ÇOĞU SANATÇI CİHANGİR KAFELERİNDE BOŞ BOŞ OTURUYOR. BUNA ANLAM VEREMİYORUM
Neredeyse yarım yüzyıldır yaşıyorsun ama hayat tarzın hâlâ 20’lerindeki gibi... Evlenmedin, çocuk yapmadın, gece hayatına ve müziğe devam... Hayata dair ne öğrendin?
Ürettikçe ayakta kalıyorum. Bu bağlamda çok çalışkanım. Yıllardır bitiremediğim bir roman var, keşke bitirebilsem... Derdim, ifade etmek. İfade etmeye neden bu kadar açım, onu da bilmiyorum. Her sene solo albüm yapmak istiyorum. Bak burası Cihangir ve etrafımız ressam, yazar, oyuncu, müzisyen dolu... Ama çoğu kafelerde boş boş oturuyor. Buna anlam veremiyorum. Çoğunu tanıyorum ama onlarla oturup konuşacak bir şeyim yok.
Ne yapmalarını istiyorsun?
Kötü bir çağdayız.

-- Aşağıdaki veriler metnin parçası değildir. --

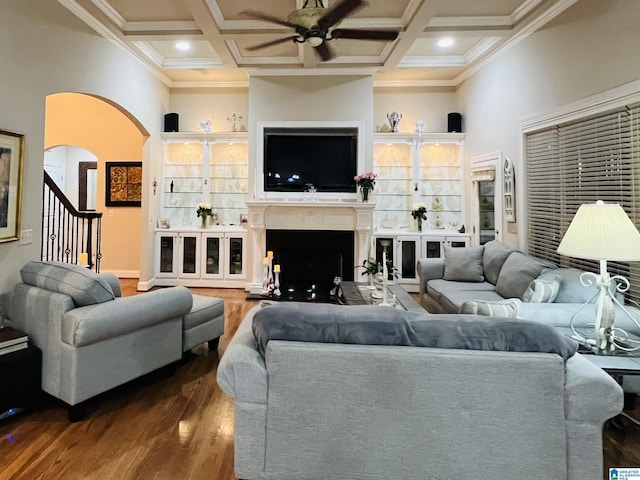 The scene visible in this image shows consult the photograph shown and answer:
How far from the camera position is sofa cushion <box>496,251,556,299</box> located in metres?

Bak tuhaf virüsler var. İnsanlar da virüs oldu. Salgın gibi... Hepsi aynı. Hepsi birbirinin kopyası. Akıl sağlığımızı korumak adına kendimiz için bir şeyler yapmalıyız, ben üretiyorum. Dil öğrenin, yemek yapın, bir şey üretin ve dünyaya bir şey bırakın. Bu bir kilim bile olabilir.
Birçok insan çocuklarını üretimleri olarak görüyor...
Çocuk bir ürün değil ki... ‘Dünyaya çocuk bıraktım’ duygusu çok yanlış. Aslında soyadını bırakmaya çalışıyor. Kendi hatırlansın istiyor. Bir çocuğa yaşam sorumluluğu yüklemek bana garip geliyor.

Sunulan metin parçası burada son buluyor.